1) All Scripture is inspired by God, and is profitable for training and correction. In this regard, all Scripture is reliable and authoritative, as well as being inerrant and infallible. The Bible is basis of all doctrine and teaching in the church.

2) Jesus Christ is the unique Son of God. In this regard, God was in Christ reconciling the world to Himself. Also, Christ is the "Way, the Truth, and the Life, and no one comes to the Father but through Him" – Christ is the only way to God, and there is no access to God apart from Him. We're not into "religious diversity."

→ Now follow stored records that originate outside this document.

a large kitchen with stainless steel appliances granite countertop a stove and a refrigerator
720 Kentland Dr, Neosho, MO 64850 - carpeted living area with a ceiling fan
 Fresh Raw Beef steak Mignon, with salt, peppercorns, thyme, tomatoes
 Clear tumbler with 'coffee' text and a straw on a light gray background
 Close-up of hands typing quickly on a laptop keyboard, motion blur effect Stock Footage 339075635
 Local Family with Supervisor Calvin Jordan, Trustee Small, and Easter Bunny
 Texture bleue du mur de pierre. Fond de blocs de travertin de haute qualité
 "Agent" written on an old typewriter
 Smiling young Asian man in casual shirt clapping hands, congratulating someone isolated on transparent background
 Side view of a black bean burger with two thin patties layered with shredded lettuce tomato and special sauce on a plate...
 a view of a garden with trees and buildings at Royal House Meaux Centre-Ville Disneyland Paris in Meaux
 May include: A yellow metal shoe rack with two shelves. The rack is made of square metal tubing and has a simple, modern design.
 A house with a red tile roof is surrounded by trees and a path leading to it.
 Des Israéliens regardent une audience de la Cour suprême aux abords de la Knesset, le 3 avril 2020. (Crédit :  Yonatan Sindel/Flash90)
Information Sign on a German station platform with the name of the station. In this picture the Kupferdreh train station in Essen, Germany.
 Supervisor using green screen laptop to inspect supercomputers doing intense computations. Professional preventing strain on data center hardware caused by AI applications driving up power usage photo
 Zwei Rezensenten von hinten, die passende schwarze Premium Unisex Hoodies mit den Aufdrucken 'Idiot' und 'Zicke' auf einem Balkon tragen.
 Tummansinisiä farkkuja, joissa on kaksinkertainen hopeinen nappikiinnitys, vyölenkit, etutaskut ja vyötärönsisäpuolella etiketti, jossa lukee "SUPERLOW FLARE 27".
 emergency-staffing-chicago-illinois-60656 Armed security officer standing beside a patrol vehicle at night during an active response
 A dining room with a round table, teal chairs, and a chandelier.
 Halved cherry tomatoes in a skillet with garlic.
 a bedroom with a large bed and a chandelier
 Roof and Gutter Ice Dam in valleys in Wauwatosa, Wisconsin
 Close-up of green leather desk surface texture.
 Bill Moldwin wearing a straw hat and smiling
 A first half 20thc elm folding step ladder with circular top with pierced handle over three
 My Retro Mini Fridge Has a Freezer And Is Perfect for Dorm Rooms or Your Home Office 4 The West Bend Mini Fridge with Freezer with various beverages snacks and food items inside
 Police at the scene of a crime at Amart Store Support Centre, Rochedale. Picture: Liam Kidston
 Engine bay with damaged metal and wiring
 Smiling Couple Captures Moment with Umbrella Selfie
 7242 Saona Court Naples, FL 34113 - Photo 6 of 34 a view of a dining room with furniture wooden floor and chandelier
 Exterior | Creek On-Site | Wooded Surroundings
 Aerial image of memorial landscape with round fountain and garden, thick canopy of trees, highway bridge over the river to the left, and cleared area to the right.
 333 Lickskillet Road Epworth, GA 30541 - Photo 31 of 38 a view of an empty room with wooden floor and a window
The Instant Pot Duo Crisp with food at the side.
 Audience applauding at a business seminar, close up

3) The purpose of the redemption accomplished by Christ wasn't simply to get us to heaven, but to get God back into us – to reestablish the relationship that existed in the beginning with Adam. Because of Christ in us, we now have complete and free access to God.

4) Christ accomplishes His work in the world through the church universal.

5) The basic mission of all Christian ministry is to proclaim the unfathomable riches and resources we have by virtue of being in Christ, the resources we have by being united with Him, and to explain and demonstrate to believers what is the administration of these riches and resources in our lives (i.e., how "Christ in you" works itself out into our personal lives). (Eph. 3:8-9)

6) Christ accomplishes His work through the members of the body of Christ, since He has equipped each member with a gift of the Spirit.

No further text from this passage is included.